------ GIVEN INFORMATION
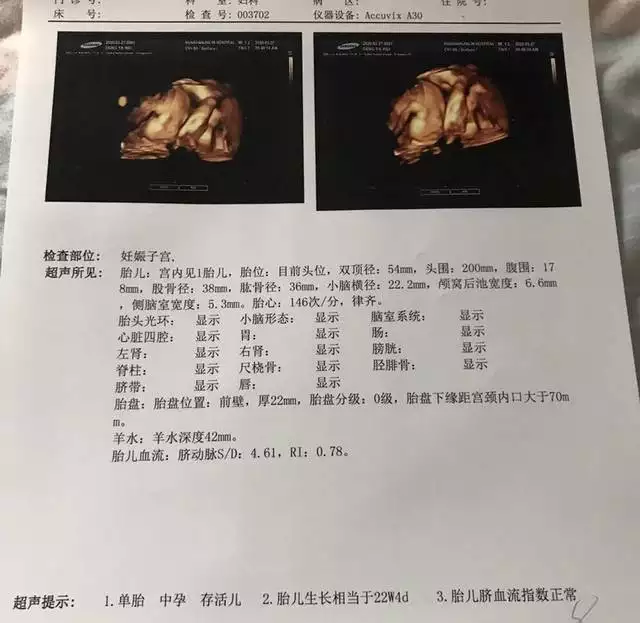 2、四維看男孩女孩訣竅:四維數值辨別男孩女孩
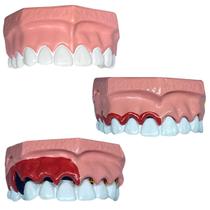 Macro Modelo Evolução da Doença Periodontal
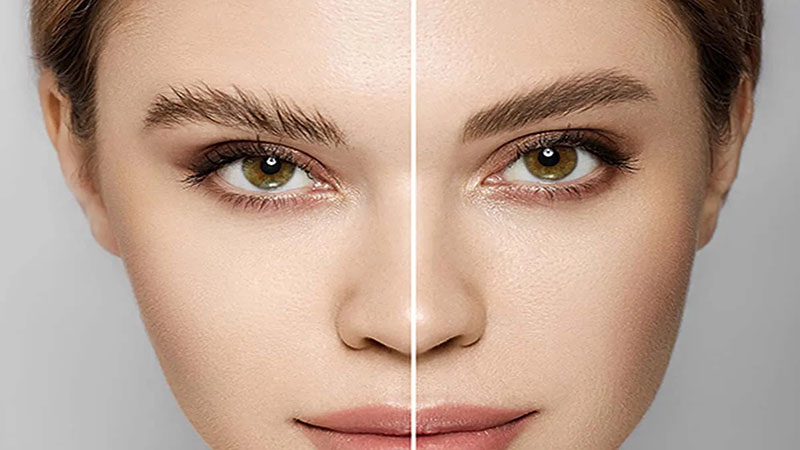 هزینه کاشت ابرو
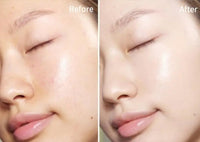 Epiphany Vibe EGF Serum for Microneedling, Micro Infusion, Mesotherapy Ampoule Serum Hyaluronic Acid Peptides Skin Repairing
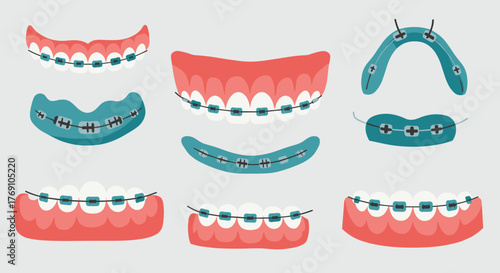 Orthodontic braces set on transparent background for dental care and treatment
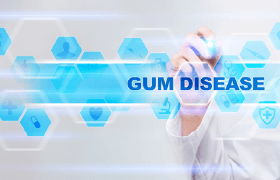 gum disease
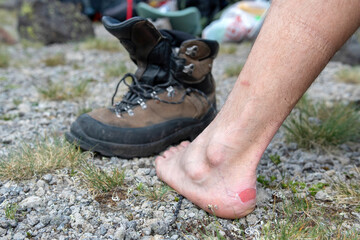 Hiker got a blister on his foot by trekking shoes.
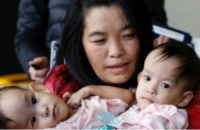conjoined-twins-flown-from-bhutan-to-australia-for-separation-operation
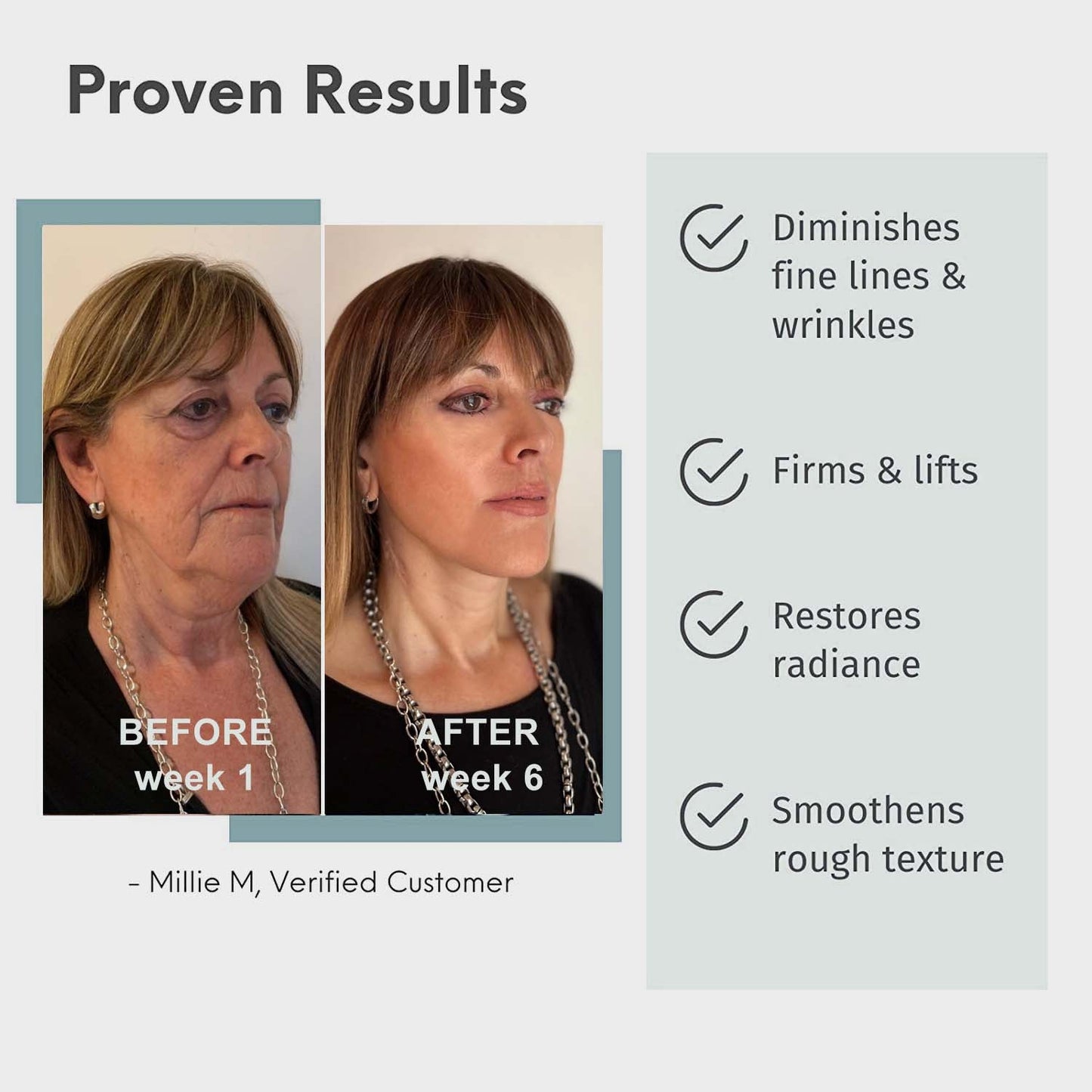 Serum przeciwstarzeniowe RNN™ Advanced Collagen Boost🔥 (Ograniczona czasowo wyprzedaż - pozostało 30 minut)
------------
• **WHAT YOU ARE ASKED TO DO**
Starting at the line that holds "Epiphany Vibe EGF", retype every line through the end of the data, both ends included. Pictures stay out of the copy.

• **RESULT OF THIS TASK**
 Epiphany Vibe EGF Serum for Microneedling, Micro Infusion, Mesotherapy Ampoule Serum Hyaluronic Acid Peptides Skin Repairing
 Orthodontic braces set on transparent background for dental care and treatment
 gum disease
 Hiker got a blister on his foot by trekking shoes.
conjoined-twins-flown-from-bhutan-to-australia-for-separation-operation
 Serum przeciwstarzeniowe RNN™ Advanced Collagen Boost🔥 (Ograniczona czasowo wyprzedaż - pozostało 30 minut)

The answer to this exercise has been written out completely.